» Boeken » Al deze Stenen voor Sparen en Lenen » Hoofdstuk 12 » Pagina 121-126
De autonomie van de lokale coöperatieve banken blijkt sterk uit de verschillen die er, zeker de eerste 50 jaar bestonden tussen de samenstelling van de besturen en de wijze waarop ze hun werk deden. Het is niet de bedoeling om van iedere bank een volledig overzicht te geven van de wijze waarop bestuurd werd. Hieronder volgt een verzameling tamelijk willekeurige voorbeelden, wat overeenkomsten en wat verschillen.
Vanzelfsprekend bestonden de colleges tot voor kort uitsluitend uit heren.

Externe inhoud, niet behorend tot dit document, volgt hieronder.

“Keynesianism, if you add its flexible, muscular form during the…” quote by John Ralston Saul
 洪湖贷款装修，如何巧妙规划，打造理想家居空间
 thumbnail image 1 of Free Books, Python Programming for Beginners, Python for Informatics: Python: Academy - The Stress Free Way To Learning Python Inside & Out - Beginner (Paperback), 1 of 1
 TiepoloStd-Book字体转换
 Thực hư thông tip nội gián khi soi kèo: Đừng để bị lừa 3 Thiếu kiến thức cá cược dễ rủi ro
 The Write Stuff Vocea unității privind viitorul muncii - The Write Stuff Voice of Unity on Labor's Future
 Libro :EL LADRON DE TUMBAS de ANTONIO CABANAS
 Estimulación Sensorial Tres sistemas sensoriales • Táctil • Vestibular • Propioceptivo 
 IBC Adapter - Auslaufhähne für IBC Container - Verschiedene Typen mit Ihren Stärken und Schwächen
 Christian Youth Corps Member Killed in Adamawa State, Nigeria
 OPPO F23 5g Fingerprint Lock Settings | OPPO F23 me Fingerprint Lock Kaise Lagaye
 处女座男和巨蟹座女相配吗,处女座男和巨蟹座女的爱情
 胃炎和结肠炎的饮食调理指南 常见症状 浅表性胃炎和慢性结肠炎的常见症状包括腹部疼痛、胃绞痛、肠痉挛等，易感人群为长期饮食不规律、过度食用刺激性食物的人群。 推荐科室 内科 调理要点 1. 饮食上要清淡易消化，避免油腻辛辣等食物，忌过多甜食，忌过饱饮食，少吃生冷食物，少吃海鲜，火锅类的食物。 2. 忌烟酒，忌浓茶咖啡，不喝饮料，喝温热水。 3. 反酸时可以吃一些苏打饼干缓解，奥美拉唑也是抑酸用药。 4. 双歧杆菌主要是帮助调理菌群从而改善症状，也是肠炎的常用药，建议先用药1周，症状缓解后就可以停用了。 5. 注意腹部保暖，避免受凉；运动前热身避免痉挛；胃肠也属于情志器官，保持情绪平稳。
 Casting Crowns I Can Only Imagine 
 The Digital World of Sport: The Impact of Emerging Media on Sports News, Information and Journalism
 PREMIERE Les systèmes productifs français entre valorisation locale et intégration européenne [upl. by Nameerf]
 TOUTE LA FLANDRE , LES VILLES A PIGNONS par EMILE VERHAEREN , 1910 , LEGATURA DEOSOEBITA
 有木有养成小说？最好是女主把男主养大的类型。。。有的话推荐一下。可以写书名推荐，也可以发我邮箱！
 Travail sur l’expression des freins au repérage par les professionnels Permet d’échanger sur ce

Na een soms moeizame start van de coöperatieve banken, hadden de
vergaderingen van het Bestuur en de Raad van Toezicht gewoonlijk een
rustig en voorspelbaar verloop. De verslagen konden vaak op minder dan een
halve bladzijde van het handgeschreven notulenboek. Het Bestuur en de Raad
van Toezicht vergaderden bijna altijd samen en aan de orde kwamen de
kascontrole en de beoordeling van kredietaanvragen.
Aan het eind van het
jaar wachtte het Bestuur een belangrijke en intensieve taak: op alle
spaarrekeningen moest de rente over het afgelopen jaar worden
bijgeschreven. Daarvoor kwamen alle leden naar de Kassier om daar onder
toezicht van het Bestuur deze handeling te laten verrichten. Omdat alles
met de hand of met uiterst primitieve hulpmiddelen moest gebeuren, was dat
een zeer tijdrovende aangelegenheid.
Lakstempel.
De echtgenotes van de (inmiddels
meestal overleden) bestuurders, blijken bijzonder weinig over de bank te
kunnen vertellen. Inhoudelijk zwegen de heren vanzelfsprekend als het
graf, op het verspreiden van bankgeheimen stonden flinke straffen. ƒ 25,-
was daarvoor geen uitzondering en schorsing hing de boosdoener ook boven
het hoofd. Wel wisten de dames allemaal te vertellen dat daags na de
vergadering het kostuum flink gelucht moest worden vanwege de ingetrokken
rooklucht, maar ook wisten ze dat een borreltje na afloop zeker tot de
gebruiken behoorde. Was de vergadering kort, zoals meestal, dan was de
nazit en de borrel wat ruimer.
Overigens was drank niet bij alle besturen
aan de orde. Bijvoorbeeld in Grootebroek is de Geestelijkheid zeer lang
ten strijde getrokken tegen drankgebruik. Door de grote invloed van de
Geestelijkheid op het Bestuur van die bank was er natuurlijk geen sprake
van een alcoholische versnapering. Niet tijdens, maar ook niet na de
vergaderingen. De voorzitter hield wel van een goede sigaar. Wanneer het
Bestuur binnenkwam in de kamer van de voorzitter waar de vergaderingen
werden gehouden, stond een kist met 25 flinke “AGIO's” op het
dressoir klaar. Na het voorlezen van de notulen stelde de voorzitter voor:
“Eerst maar eens roken”. Een eerste rondje sigaren werd
gepresenteerd en aangestoken. De voorzitter was een geroutineerd en snelle
roker, zodat hij na het volgende agendapunt zijn voorstel tot roken kon
herhalen. De minder snelle rokers sloegen een rondje/agendapunt over.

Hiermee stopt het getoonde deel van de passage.